Pack encoding is the throughput floor at ~380 MiB/s — bottlenecked by zstd level 3 on incompressible data.
Documentation
doc/technical-report.md— Distribution document. What LeVCS is, how to use it, and how it differs from / improves upon git. Targets technical evaluators and the workflow-spec reader.deploy/README.md— Comprehensive VPS deployment walkthrough.spec/— The protocol specification and trust-root revision. Currently kept private; ask the maintainer for a copy.
Contributing
This is a young project. The most useful contributions right now are:
- Trying it. Run
levcs initon a real project, push to a local instance, and report friction. - Workflow design. The next major piece of work is the workflow spec — PR/review surface, issues, CI conventions. Discussion welcome.

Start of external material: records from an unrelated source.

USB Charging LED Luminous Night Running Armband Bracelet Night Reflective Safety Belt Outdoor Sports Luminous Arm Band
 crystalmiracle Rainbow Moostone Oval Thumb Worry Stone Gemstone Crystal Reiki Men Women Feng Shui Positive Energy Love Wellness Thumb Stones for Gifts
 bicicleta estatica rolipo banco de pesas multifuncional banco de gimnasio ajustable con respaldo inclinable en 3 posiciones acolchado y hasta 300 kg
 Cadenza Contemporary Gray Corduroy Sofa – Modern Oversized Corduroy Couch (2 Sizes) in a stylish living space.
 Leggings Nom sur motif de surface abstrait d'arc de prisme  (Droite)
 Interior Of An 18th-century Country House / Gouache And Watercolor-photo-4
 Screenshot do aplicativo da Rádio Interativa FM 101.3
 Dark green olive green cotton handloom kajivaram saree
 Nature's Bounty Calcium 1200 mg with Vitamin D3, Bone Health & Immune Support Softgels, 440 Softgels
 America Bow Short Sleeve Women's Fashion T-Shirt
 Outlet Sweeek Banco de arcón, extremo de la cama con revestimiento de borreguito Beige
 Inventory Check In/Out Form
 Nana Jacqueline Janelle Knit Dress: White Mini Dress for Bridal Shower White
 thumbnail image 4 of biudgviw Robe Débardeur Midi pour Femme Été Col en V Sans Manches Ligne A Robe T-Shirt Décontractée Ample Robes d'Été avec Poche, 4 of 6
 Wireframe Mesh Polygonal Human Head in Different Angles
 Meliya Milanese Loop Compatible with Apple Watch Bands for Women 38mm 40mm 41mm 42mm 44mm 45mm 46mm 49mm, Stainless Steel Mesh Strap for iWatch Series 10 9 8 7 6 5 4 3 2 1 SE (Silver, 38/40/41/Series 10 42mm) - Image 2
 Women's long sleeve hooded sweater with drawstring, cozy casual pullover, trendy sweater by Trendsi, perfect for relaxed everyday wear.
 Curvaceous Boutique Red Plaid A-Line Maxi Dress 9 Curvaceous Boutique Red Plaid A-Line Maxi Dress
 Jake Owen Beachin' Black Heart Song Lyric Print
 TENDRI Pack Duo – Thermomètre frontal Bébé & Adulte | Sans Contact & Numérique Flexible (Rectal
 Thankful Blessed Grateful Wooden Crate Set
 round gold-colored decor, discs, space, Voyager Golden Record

- Plugin handlers. The wasm plugin protocol exists; concrete handlers (e.g. protobuf, SQL migrations) are needed to validate it.
- Tightening CI. The
fmtandclippyGitHub jobs are informational; flipping them to gating would close a small but real quality gap.
Please open an issue or reach out before starting non-trivial work so we can coordinate.
License
Released under the Apache License 2.0 — see LICENSE for the
full text.
Citation
If LeVCS supports academic work, please cite the v0.1.0 release. A formal citation entry will land with the workflow spec; in the meantime a repository-URL reference is fine.